Marc Chagall : comment estimer une gravure ou une lithographie ?
Une lithographie de Marc Chagall peut valoir 300 € ou plus de 100 000 € selon l'atelier d'impression, la signature et l'édition : voici comment distinguer les deux.

Marc Chagall a produit plusieurs milliers d'estampes en plus de soixante ans de carrière, des premières gravures berlinoises aux suites monumentales éditées par Ambroise Vollard puis par la galerie Maeght. Cette production considérable, répartie entre eau-forte, lithographie et gravure sur bois, explique l'écart de prix que l'on observe aujourd'hui : une lithographie courante se négocie quelques centaines d'euros, tandis qu'une épreuve rare issue d'une grande série peut dépasser les cent mille euros en vente publique. Savoir situer une pièce dans cette échelle suppose de comprendre comment Chagall travaillait avec ses imprimeurs, et comment ses ayants droit authentifient aujourd'hui son œuvre graphique.

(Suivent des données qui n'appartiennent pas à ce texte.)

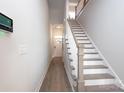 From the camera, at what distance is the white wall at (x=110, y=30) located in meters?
3.21

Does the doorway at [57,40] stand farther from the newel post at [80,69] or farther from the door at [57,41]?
the newel post at [80,69]

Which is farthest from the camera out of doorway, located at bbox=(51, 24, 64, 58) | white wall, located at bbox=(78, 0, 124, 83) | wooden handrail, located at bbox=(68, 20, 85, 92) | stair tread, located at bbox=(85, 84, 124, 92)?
doorway, located at bbox=(51, 24, 64, 58)

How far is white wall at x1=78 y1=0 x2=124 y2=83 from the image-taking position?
321 centimetres

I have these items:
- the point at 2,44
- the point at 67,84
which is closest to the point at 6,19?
the point at 2,44

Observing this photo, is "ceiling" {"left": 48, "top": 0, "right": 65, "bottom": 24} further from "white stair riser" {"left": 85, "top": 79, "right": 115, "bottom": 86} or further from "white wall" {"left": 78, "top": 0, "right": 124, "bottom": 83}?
"white stair riser" {"left": 85, "top": 79, "right": 115, "bottom": 86}

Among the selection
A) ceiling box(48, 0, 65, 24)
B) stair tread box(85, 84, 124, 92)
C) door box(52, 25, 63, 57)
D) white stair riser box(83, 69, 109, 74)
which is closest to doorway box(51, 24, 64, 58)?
A: door box(52, 25, 63, 57)

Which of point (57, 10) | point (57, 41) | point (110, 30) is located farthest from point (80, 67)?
point (57, 41)

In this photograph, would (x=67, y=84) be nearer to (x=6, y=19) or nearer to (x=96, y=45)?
(x=96, y=45)

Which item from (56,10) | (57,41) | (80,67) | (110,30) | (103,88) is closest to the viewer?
(80,67)

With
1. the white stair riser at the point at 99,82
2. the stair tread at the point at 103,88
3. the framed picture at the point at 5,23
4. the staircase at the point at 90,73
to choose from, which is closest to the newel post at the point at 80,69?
the staircase at the point at 90,73

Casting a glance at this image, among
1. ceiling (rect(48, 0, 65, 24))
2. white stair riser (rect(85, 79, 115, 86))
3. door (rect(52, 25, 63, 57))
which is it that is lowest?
white stair riser (rect(85, 79, 115, 86))

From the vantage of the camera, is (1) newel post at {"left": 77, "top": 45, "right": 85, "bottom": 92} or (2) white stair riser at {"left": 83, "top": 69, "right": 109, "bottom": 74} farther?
(2) white stair riser at {"left": 83, "top": 69, "right": 109, "bottom": 74}

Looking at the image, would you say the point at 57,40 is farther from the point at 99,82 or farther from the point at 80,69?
the point at 80,69

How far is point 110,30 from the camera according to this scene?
147 inches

Pourquoi les estampes occupent-elles une place à part dans l'œuvre de Chagall ?
C'est en Allemagne, en 1922, que Chagall s'initie à la gravure, à la demande du marchand et éditeur Paul Cassirer qui lui commande vingt gravures pour illustrer son ouvrage autobiographique Mein Leben. De retour en France l'année suivante, le marchand Ambroise Vollard lui confie des commandes d'une ampleur inédite : cent dix-huit illustrations pour Les Âmes mortes de Nicolas Gogol, cent eaux-fortes pour les Fables de La Fontaine, puis cent cinq eaux-fortes pour illustrer la Bible. Ces grands cycles bibliques et littéraires deviennent le socle de son œuvre gravée, et leur empreinte se retrouve dans la plupart des séries de lithographies qu'il produira ensuite, notamment avec les ateliers Mourlot puis la galerie Maeght.

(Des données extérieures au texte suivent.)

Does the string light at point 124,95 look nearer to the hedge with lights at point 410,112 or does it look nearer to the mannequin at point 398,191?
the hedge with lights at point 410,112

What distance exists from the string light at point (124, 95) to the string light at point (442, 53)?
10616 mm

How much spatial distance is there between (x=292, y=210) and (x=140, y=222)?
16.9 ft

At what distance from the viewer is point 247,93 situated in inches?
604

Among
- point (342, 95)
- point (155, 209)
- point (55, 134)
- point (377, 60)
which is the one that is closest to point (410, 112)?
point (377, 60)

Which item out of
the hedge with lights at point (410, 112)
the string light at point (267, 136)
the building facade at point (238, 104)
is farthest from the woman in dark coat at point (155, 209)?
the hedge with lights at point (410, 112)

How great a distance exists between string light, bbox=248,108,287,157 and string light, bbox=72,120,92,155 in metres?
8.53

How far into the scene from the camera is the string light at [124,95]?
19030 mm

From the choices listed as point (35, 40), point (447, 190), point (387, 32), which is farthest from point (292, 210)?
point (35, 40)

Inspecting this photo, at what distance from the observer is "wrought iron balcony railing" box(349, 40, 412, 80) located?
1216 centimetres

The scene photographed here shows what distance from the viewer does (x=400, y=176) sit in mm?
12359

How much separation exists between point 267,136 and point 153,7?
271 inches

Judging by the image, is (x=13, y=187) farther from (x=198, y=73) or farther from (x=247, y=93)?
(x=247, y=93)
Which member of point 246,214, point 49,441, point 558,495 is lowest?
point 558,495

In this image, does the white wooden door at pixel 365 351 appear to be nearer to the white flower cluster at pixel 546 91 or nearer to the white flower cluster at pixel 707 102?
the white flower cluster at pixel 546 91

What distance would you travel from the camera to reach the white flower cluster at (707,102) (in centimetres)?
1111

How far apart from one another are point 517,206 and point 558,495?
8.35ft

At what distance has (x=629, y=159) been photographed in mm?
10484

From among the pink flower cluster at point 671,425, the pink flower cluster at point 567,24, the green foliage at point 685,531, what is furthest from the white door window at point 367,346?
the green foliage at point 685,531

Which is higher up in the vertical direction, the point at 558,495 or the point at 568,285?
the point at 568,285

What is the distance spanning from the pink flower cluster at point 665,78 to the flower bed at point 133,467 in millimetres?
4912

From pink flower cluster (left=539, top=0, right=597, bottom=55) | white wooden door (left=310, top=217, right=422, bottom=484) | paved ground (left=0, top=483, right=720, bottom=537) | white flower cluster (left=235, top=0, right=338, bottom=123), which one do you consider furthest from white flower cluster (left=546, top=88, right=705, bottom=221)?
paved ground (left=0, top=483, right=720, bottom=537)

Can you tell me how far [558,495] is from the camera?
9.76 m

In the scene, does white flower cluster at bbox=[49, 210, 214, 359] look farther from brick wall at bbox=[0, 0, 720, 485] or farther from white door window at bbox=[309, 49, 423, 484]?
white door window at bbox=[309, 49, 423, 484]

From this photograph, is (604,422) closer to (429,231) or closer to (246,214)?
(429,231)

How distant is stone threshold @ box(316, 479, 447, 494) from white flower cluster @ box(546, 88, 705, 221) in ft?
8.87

L'estampe permet à Chagall de diffuser largement son univers poétique — couleurs vives, figures flottantes, références bibliques et thèmes amoureux — tout en conservant, pour les tirages les plus soignés, une véritable exigence d'artiste.

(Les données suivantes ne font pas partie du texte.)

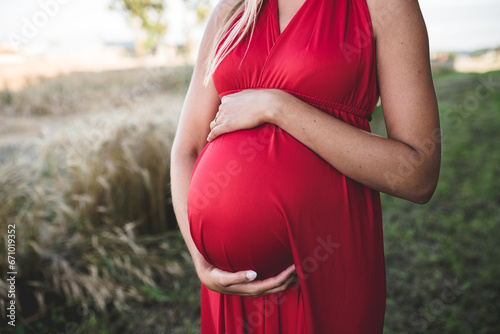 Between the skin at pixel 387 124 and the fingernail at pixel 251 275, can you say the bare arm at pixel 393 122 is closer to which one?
the skin at pixel 387 124

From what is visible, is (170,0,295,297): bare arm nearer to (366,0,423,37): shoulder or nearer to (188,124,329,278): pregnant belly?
(188,124,329,278): pregnant belly

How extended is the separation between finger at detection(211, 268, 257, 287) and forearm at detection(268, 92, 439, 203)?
17.3 inches

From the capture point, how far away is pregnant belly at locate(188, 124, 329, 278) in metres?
1.08

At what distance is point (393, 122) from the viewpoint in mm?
1070

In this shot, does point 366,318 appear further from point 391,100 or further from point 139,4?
point 139,4

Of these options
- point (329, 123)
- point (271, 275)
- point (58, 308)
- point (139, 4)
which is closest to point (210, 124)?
point (329, 123)

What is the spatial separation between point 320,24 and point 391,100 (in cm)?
33

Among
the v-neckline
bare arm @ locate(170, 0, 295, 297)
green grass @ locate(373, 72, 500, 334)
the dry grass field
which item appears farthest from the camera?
green grass @ locate(373, 72, 500, 334)

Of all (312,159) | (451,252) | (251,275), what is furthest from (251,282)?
(451,252)

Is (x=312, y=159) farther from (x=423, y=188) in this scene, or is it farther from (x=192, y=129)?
(x=192, y=129)

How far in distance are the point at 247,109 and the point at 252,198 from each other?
0.96 feet

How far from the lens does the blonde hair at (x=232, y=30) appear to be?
123 cm

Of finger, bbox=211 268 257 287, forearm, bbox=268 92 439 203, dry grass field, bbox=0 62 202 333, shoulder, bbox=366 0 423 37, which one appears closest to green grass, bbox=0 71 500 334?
dry grass field, bbox=0 62 202 333

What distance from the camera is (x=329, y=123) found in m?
1.08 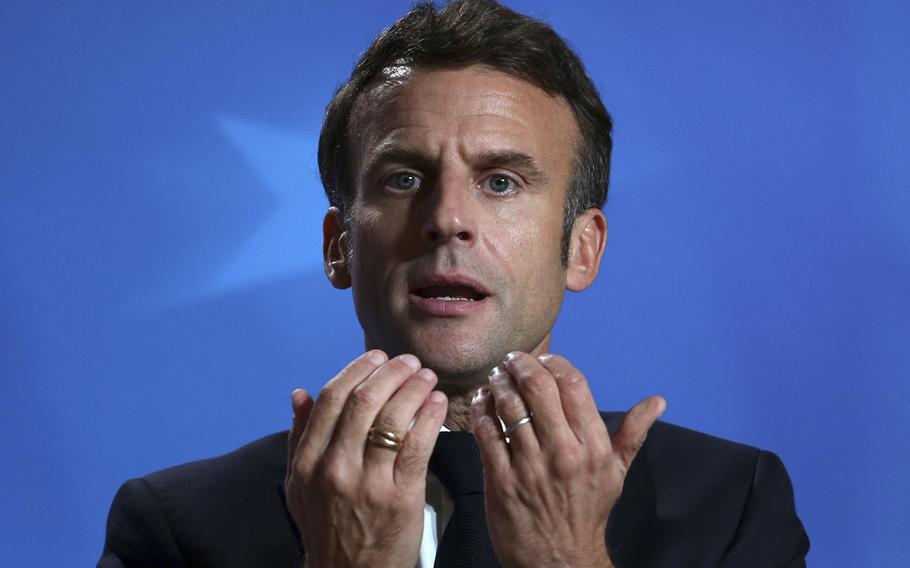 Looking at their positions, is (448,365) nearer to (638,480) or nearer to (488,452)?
(488,452)

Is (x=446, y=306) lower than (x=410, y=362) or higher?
higher

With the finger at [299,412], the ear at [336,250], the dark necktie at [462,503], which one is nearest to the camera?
the finger at [299,412]

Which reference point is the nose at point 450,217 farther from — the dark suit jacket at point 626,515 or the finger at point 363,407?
the dark suit jacket at point 626,515

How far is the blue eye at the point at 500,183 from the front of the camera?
6.22 feet

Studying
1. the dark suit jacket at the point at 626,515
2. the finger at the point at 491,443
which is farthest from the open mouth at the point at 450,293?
the dark suit jacket at the point at 626,515

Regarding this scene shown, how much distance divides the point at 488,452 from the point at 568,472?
0.37 feet

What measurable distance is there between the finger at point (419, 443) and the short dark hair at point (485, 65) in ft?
1.81

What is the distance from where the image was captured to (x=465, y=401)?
1.97 meters

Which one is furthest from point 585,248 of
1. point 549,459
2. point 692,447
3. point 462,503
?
point 549,459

Quelle différence entre une lithographie originale et une reproduction d'après Chagall ?
Une lithographie originale est créée directement sur la pierre ou la plaque par l'artiste, ou sous son contrôle étroit, spécifiquement pour cette édition — qu'il s'agisse d'illustrer un livre, une revue comme Verve ou Derrière le miroir, ou de constituer un portfolio autonome. Une « lithographie d'après » Chagall, en revanche, reproduit une peinture existante sans intervention de l'artiste sur la matrice d'impression : sa valeur reste sans comparaison avec celle d'une estampe originale, même si l'image reproduite est identique.
Cette distinction, souvent ignorée des particuliers, est pourtant la première question à trancher avant toute estimation de tableaux et œuvres graphiques : un examen attentif de la mention figurant au bas de l'épreuve, lorsqu'elle existe, et la comparaison avec les catalogues de référence permettent généralement de lever le doute.
Quels critères font varier le prix d'une lithographie de Chagall ?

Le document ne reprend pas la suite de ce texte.